You may know me. I am “the Occupy dude.” I receive your quizzical stares every day. The two questions I face most often during my occupation of Fred Hampton (a.k.a. Meyer) Library are “Is Occupy still going on?” and “Are you a Stanford student?” Despite having successfully Occupied the Future in December, there seems to be a sense of disbelief that Stanford students would actually Occupy or call themselves Occupiers (What are we, Kal?). To answer your questions: I graduated in the spring, and Occupy will continue as long as structural economic inequality is in place. And yes, we are actually protesting something. Over the past two months, we have spent our time organizing around the nationwide March 1 Day of Action to support public education and specifically, to protest Governor Jerry Brown’s continued cuts to public education in the midst of prohibitively rising tuition costs for UCs, CSUs and community colleges and to support the proposed tax on millionaires and the oil tax, both of which would go toward funding education.
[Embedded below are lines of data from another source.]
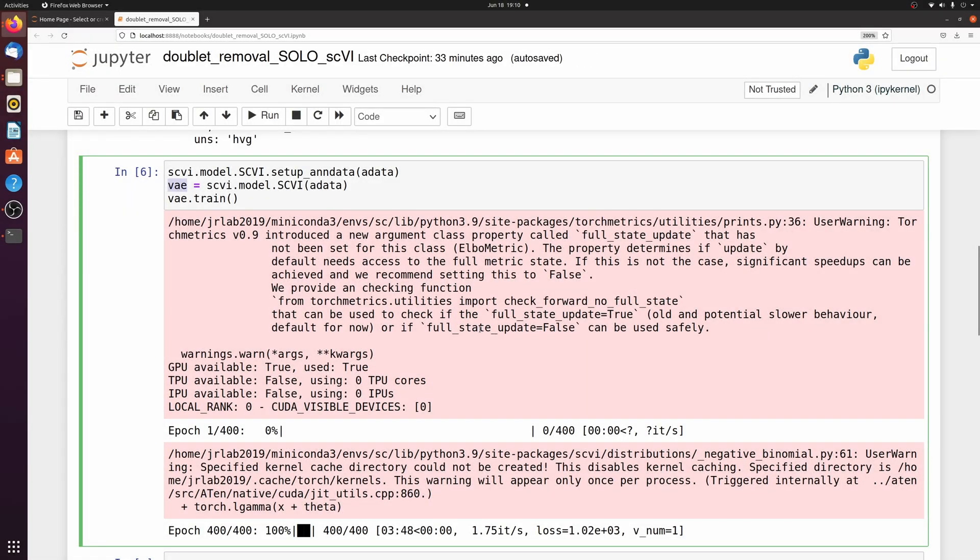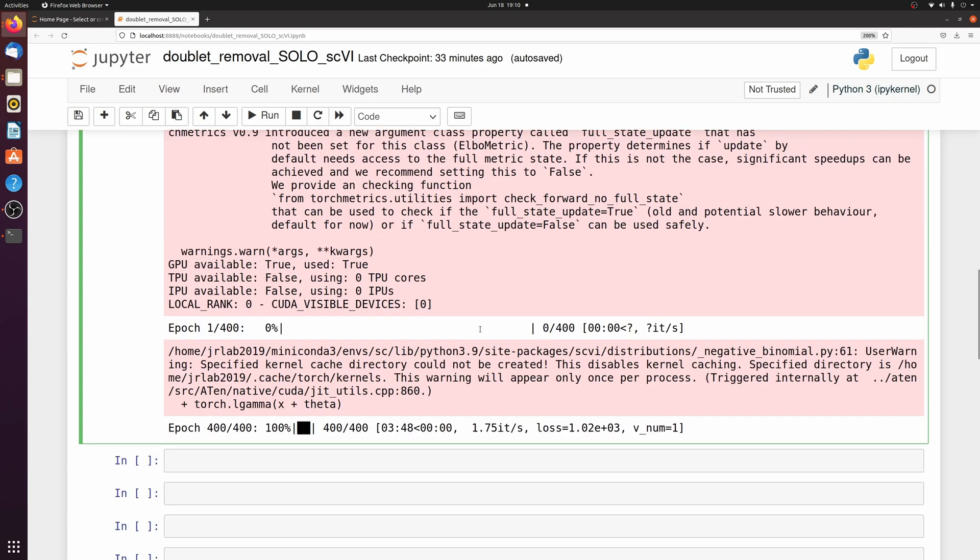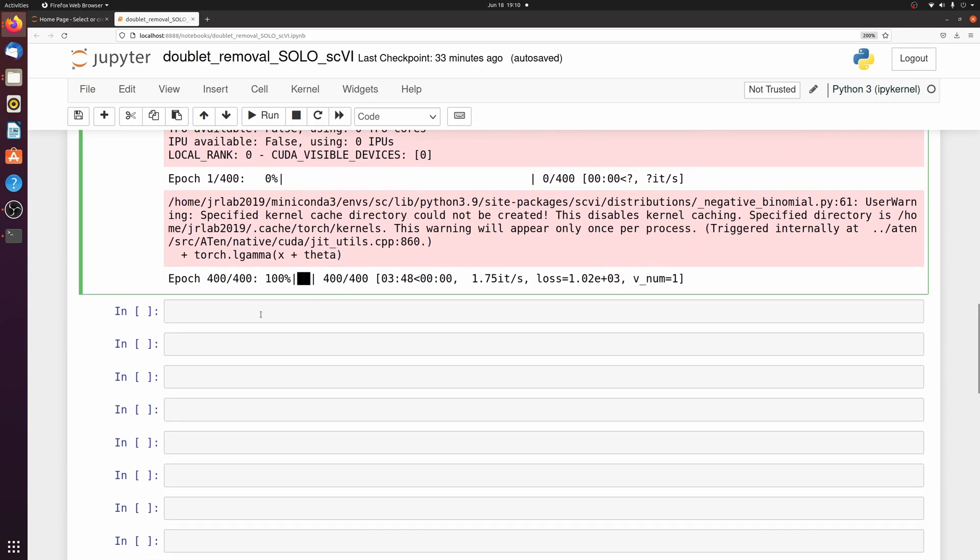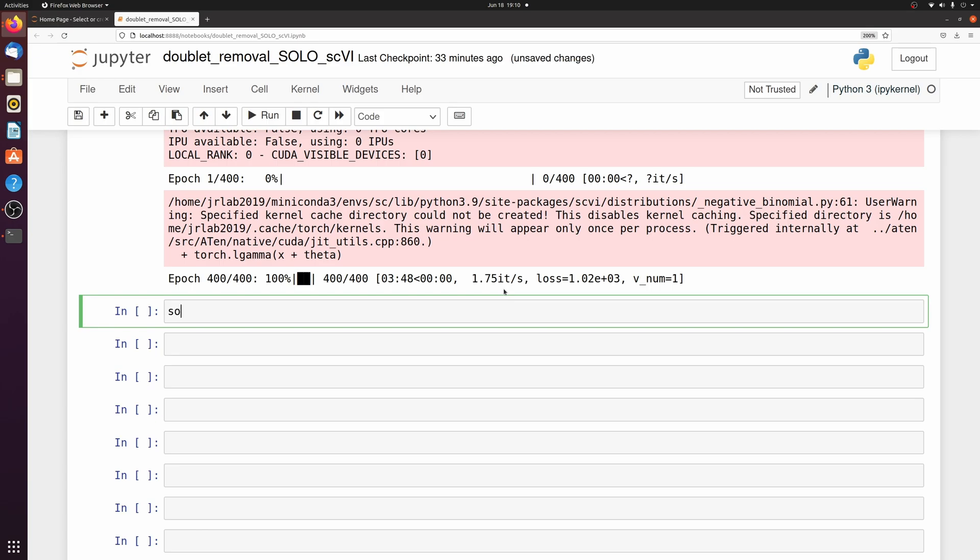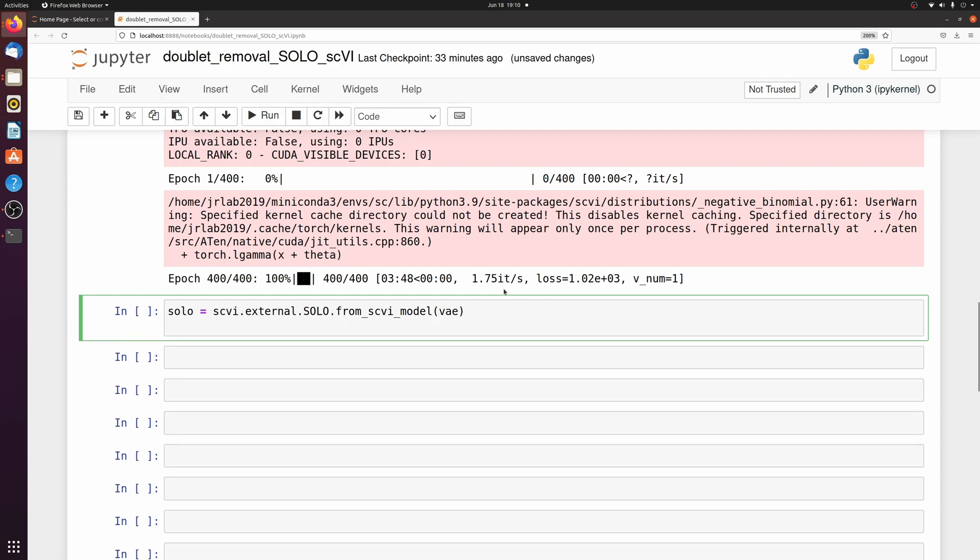So now we have to train the SOLO model that detects the doublets. We'll just make a new object called solo and then we'll call scvi.external.SOLO from the scvi model which is the VAE. And then we're going to train that with solo.train.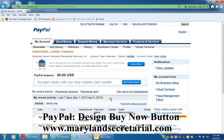Hi, this is Cindy Freeland with Maryland Secretarial Services. I'd like to show you how you can create a buy now button for your website using PayPal.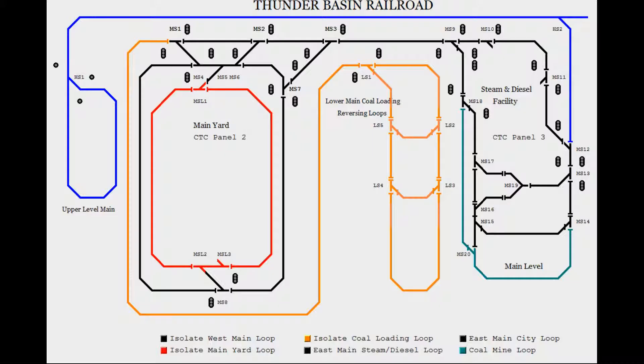Since I'm still in the designing phase of my Thunder Basin Railroad project, I have a lot of thinking to do and programming to match my plans. And of course, I have the layout to build to match. I have a lot of work to do, so keep an eye out for my future updates. Again, thanks for watching.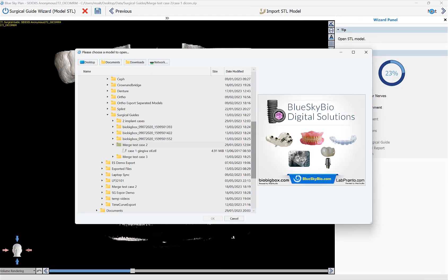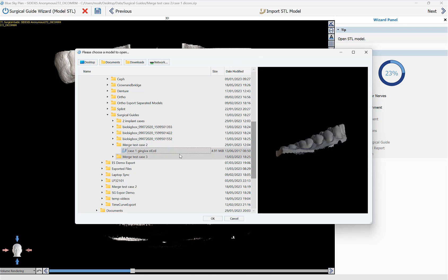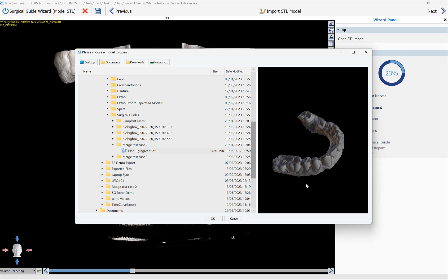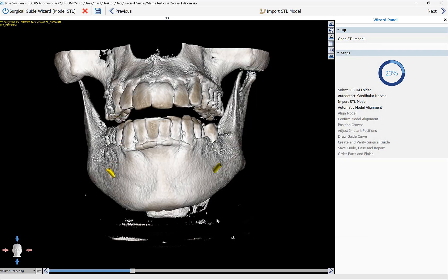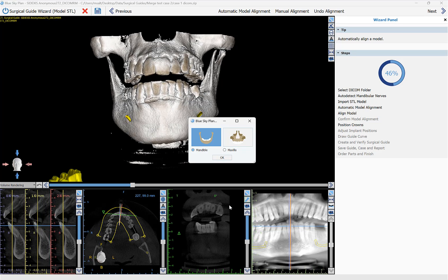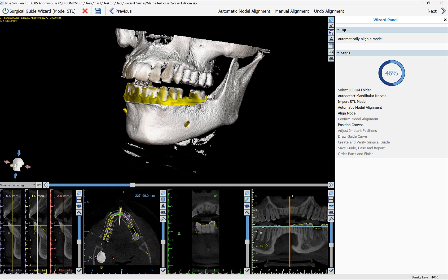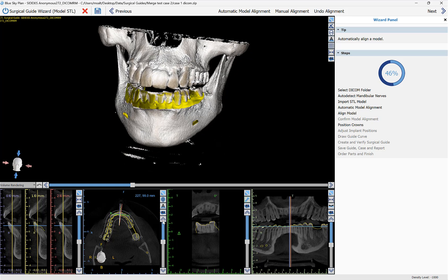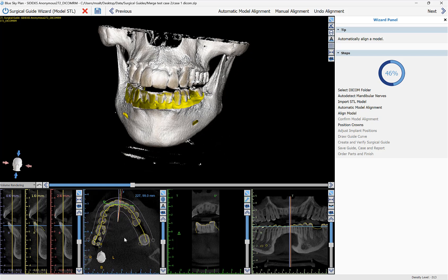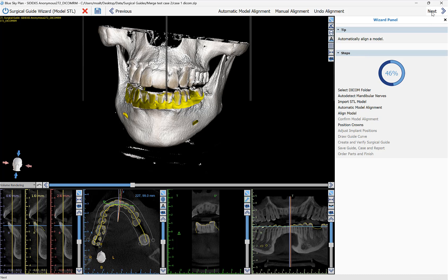The software now prompts us to load the relevant model scan or STL file. Simply left-click once on the relevant file — you can see a preview on the right side of the screen, grab and drag with your left mouse button — and then click OK. Let's indicate Mandible. The software is now running completely automatic model alignment, aligning the model to the CT scan. We can confirm the alignment in our 3D and 2D views by checking that the yellow outlines of the model are tightly wrapped around the CT scan in all views, then click Next.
Although Stanford is a private university, the struggle to fund public education is an issue that bears direct relevance to this campus.

 

This month, all Stanford alumni received an email from President Hennessy crowing about the billions of dollars that this University just raised to prepare Stanford for the future. While public institutions face cuts that may threaten their future, Stanford’s looks secure (What’s the problem? We got ours, right?). However, this disparity is not something worth celebrating. This disparity is the educational manifestation of the regressive redistribution of wealth that has taken place over the past few decades. When coupled with rising tuition and the increasing burden of a system of debt-financed education, this disparity threatens to form a permanent gulf in the state of California over the access to higher education.

 

It is still a matter of debate as to whether access to higher education is indeed a human right, but what is not open for debate is whether it is a public necessity for a free and functioning society. As a private institution, Stanford charged itself in its founding grant with the task of “promoting the public welfare by exercising an influence in behalf of humanity and civilization,” and that is a noble mission. California’s system of public institutions is the public welfare. They are the ones who are faced with the real task with educating the populace of California, not just 13,000 of its “elite.”

 

I sometimes hear from Occupy activists that Stanford doesn’t belong in the Occupy movement because it’s an institution of the future 1 percent. They want to know why any of us would have a problem with structural inequality when we’re the ones who benefit from it. I do not believe this, though. If we are a place of privilege, then those privileges should compel us into greater action, not guilt us into inaction. If we really are leaders in the field of education, if we really are a model educational institution, then we have a higher obligation than anyone else to defend education when it is threatened.

 

I know that Stanford students don’t really like to make a scene and find protests ineffective. They prefer white papers from consulting firms or campaigns for public office, but this emphasis on solutions first can sometimes approach the myopic. Instead, think about what it would mean if Stanford didn’t have a presence at a nationwide day of action for public education, if we don’t add our voice to the voice of all the other great educational institutions making themselves heard in the Bay Area and nationwide.

 

The Occupy movement does not claim to be saviors of public education. We are here to provide a space for discussion as much to advocate for any one specific issue. This upcoming decade, I believe, will be a crucial time in the history of this country and the world. The fate of education will go a long way toward informing that history. I would hope that even in week eight of the quarter, Stanford students are able to find time to stand up for what they believe in. You know where to find us.